Location
- Country: India
- State: Jharkhand
- Cities: Hazaribagh, Gomia

Physical characteristics
- • location: Sultana village, Hazaribagh district, Chota Nagpur Plateau, Jharkhand
- Mouth: Damodar River
- • location: Jaridih Bazar, Bokaro district
- • coordinates: 23°45′40″N 85°55′01″E﻿ / ﻿23.76111°N 85.91694°E

Basin features
- • left: Siwani River
- • right: Bokaro River

= Konar River =

The Konar River is a tributary of Damodar River in Hazaribagh and Bokaro districts of the Indian state of Jharkhand.

==Course==
The Konar originates near Sultana village on the Hazaribagh-Chatra Road. Thereafter, the Konar with its tributary the Siwani drains a greater portion of the Hazaribagh plateau, and then descending through the barren wastes of scrub and jungle passes Gomia to receive the waters of the Bokaro River, shortly before it joins the Damodar River near Jaridih Bazar in Bokaro district.

==Konar Dam==
Konar Dam is the second of the four multi-purpose dams included in the first phase of the Damodar Valley Corporation.

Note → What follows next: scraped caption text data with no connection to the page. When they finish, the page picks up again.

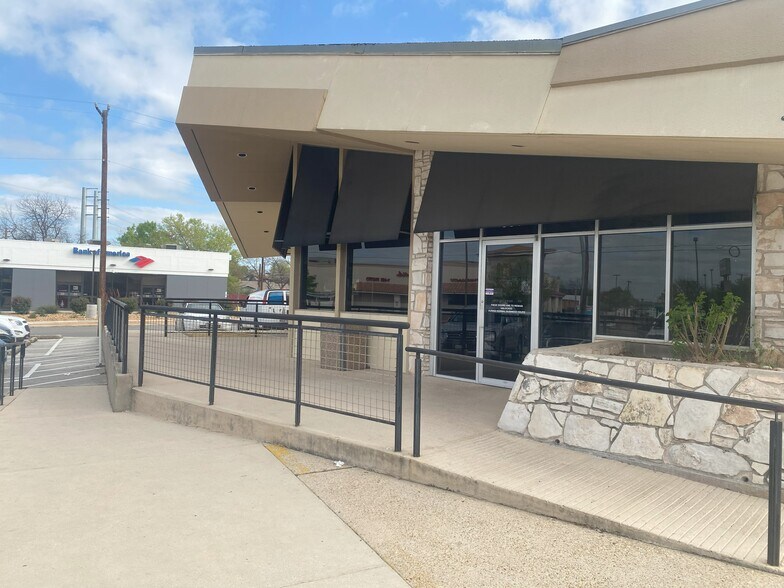 3400 San Pedro, San Antonio, TX à louer - Photo du bâtiment - Image 3 de 36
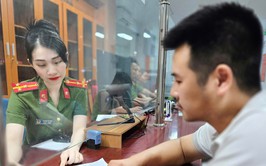 “Ca tối” phục vụ dân - mô hình mới từ Công an phường Ngọc Hà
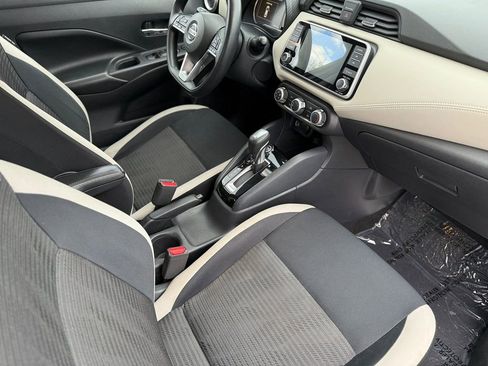 Used 2020 Nissan Versa SV image 22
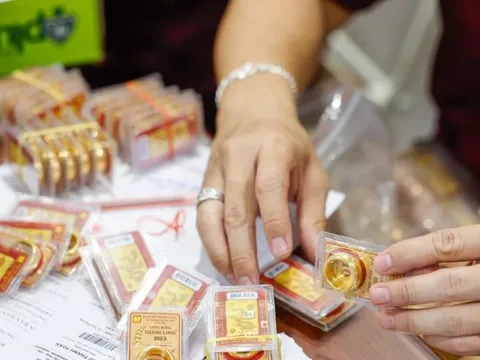 Giá vàng đột ngột giảm mạnh, điều gì đang xảy ra?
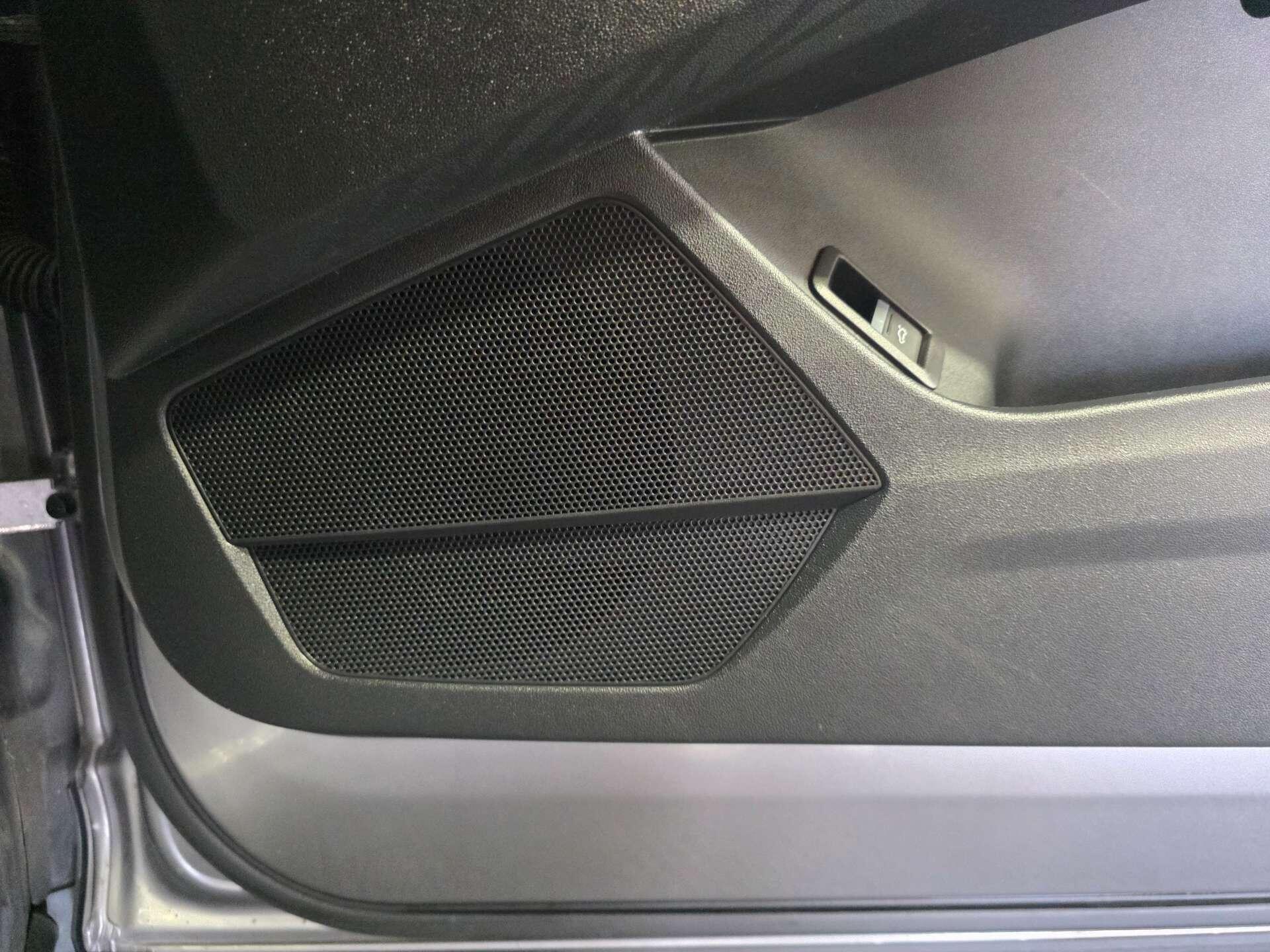 Audi Q4 E-Tron view 18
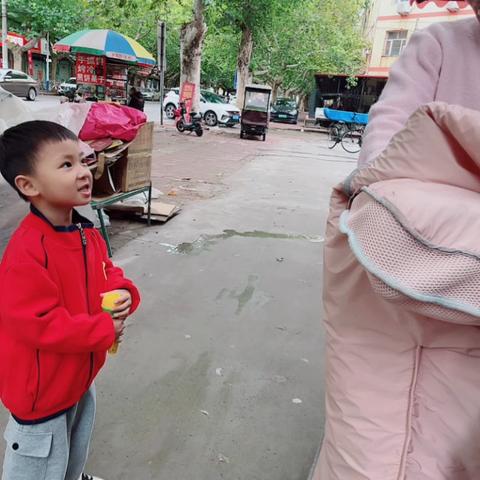 阳光幼儿园🏠--樱花🌸班—小记者采访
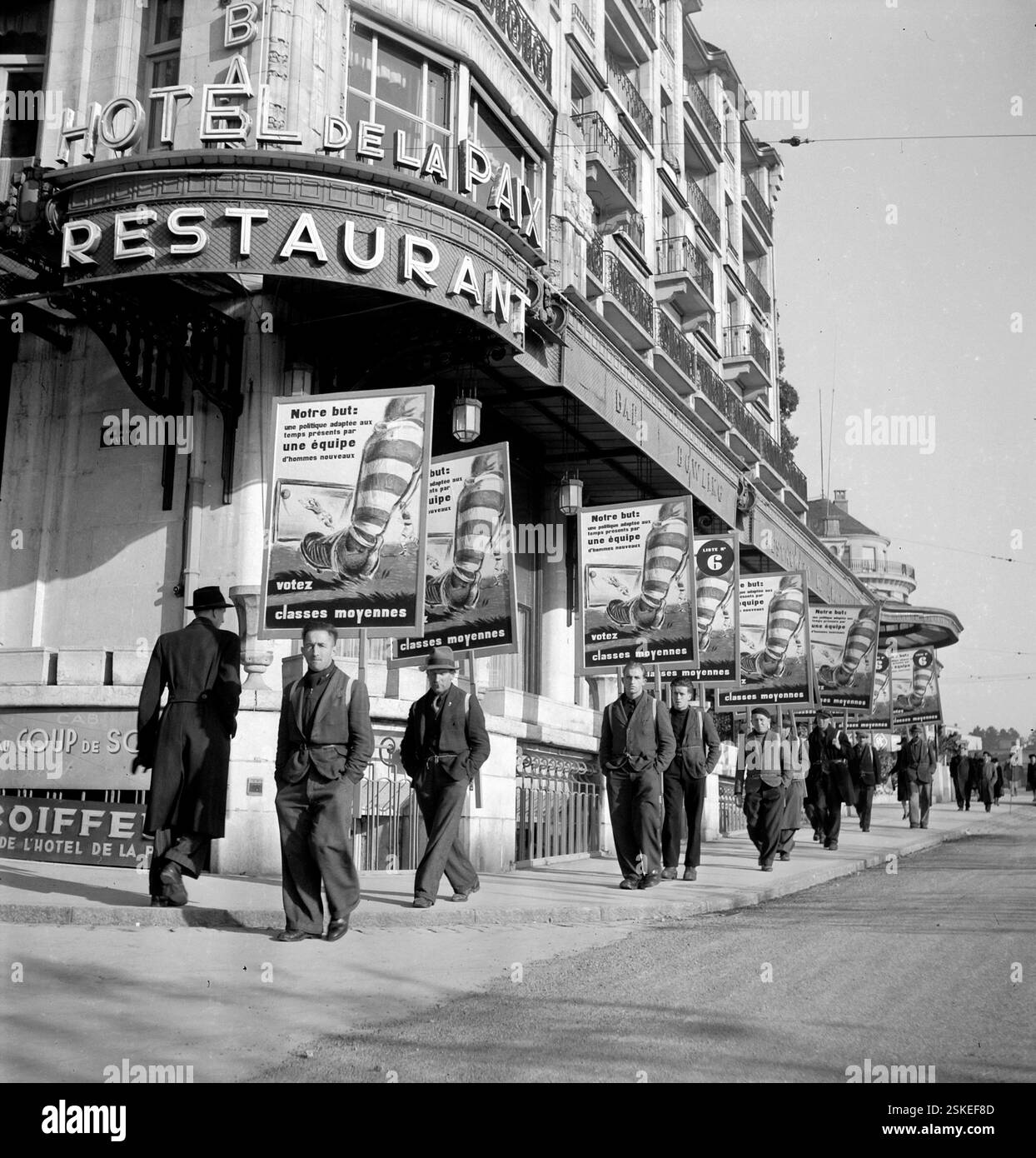--- Gemeindewahlen à Lausanne 1945 : Männer mit Wahlplakaten#élections municipales à Lausanne 1945 : hommes portant des affiches de propagande- RDB DE DUKAS Banque D'Images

It was constructed across the Konar River and inaugurated in 1955.

Konar Dam is 4535 m long and 48.77 m high. The reservoir covers an area of 27.92 km2. The Konar earth and concrete dam has a catchment area of 997 km2.

==Bokaro barrage==
There is a barrage across the Konar River at the point of its confluence with the Bokaro River to serve Bokaro Thermal Power Station B.